For the methods to form said ink chamber main body 20, well-known
methods including die casting, etching, photo-resist casting and
laser processing can be used independently or in combination.
Moreover, the cross-section shape of said hollow regions is not
restricted to a rectangular shape but can be freely selected from
either a trapezoidal shape, triangular shape, circular shape or
elliptical shape.
Spacers 24 (only one side shown in FIG. 3) are arranged on both
sides of the lower portion of the above-mentioned ink chamber main
body 20. A substrate 25 comprised by for example alumina plate is
fixed to the above-mentioned ink chamber main body 20 by means of
these spacers 24.
On the surface opposite to the ink chamber main body 20 of said
substrate 25, a plurality of piezoelectric bodies 26 are arranged
each of whose position corresponds to each hollow region. The upper
portion of the piezoelectric bodies 26 are brought into contact
with the outer surface of the lower wall 22 of the above-mentioned
hollow regions. The upper portion of the piezoelectric bodies 26
can either be attached or not attached to the outer surface of the
lower wall 22. However, if attached to the outer surface, the
following action of the lower wall 22 to the vibrations of the
piezoelectric bodies 26 is made more reliable thereby improving the
high frequency response characteristics. While, a benefit of not
being attached to the outer surface is ease of positioning when
assembling the inkjet head 12.
Each of the above-mentioned piezoelectric bodies 26 has a
rectangular cross-section and as shown in FIG. 4, has a long
slender shaft-shaped body in the direction along the ink chamber
21. Discrete electrodes 27 are formed on the surface opposite to
said lower wall 22 and common electrodes 28 are formed on the
surface opposite to said substrate 25. These piezoelectric bodies
26 provide an electrode layer that functions as said electrodes 27,
28 on both sides of a plate comprised by, for example, a PZT
piezoelectric ceramic by forming either a deposition Au/Ni film or
a sputtering film of Au/(Ni, Cr) at an approximate thickness of 0.1
.mu.m to 10 .mu.m. Then, after the electrode layer is solidly
attached to the above-mentioned substrate 25, it is cut and divided
using, for example, a dicing saw.
Thereafter, in order to prevent lowering of the amount of
distortion of the piezoelectric member 26 that occurs when a
voltage is applied due to penetration of moisture in the
atmosphere, it is preferable to subject the piezoelectric member to
an overcoat process in which a polyimide resin, for example, is
applied to the entire surface of the piezoelectric member 26 using
a spin coat method, and baked for 1 hour at 180.degree. C. However,
this process can be omitted when a piezoelectric material with a
high humidity resistance is used in the piezoelectric member.

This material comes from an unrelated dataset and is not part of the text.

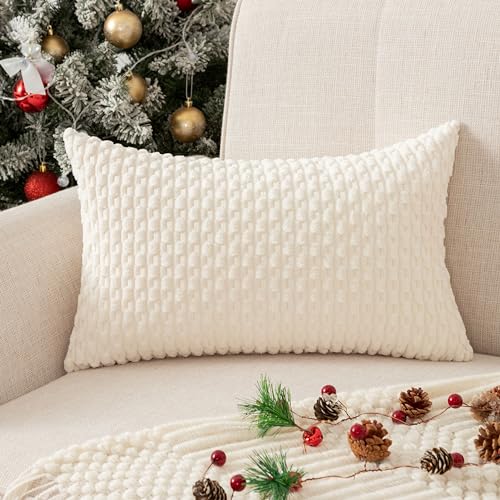 UGASA Soft Corduroy Decorative Pillow Cover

As shown in FIG. 4, to ensure the above-mentioned piezoelectric
member 26 freely deforms at the region opposite to the ink chamber
21, the piezoelectric member is solidly attached to the substrate
25 at rear end region S that is not opposite to the ink chamber 21.
For this attachment, an adhesive agent layer that provides
continuity to the common electrode 28 of each piezoelectric member
26 is formed using a conductive adhesive agent and through this
adhesive agent layer each common electrode 28 is connected to
ground. Conversely, the rear end of the discrete electrodes 27 of
each piezoelectric member 26 is connected by means of wire bonding
or similar method to a leader line 34 that is formed corresponding
to each discrete electrode 27 on a support plate 33 fixed to the
substrate 25. This leader line is connected to a controller 6 (see
FIG. 2) which is a voltage application means via a drive IC (not
shown in figure). Voltage is applied to each piezoelectric member
26 in response to image signals by means of this controller 6.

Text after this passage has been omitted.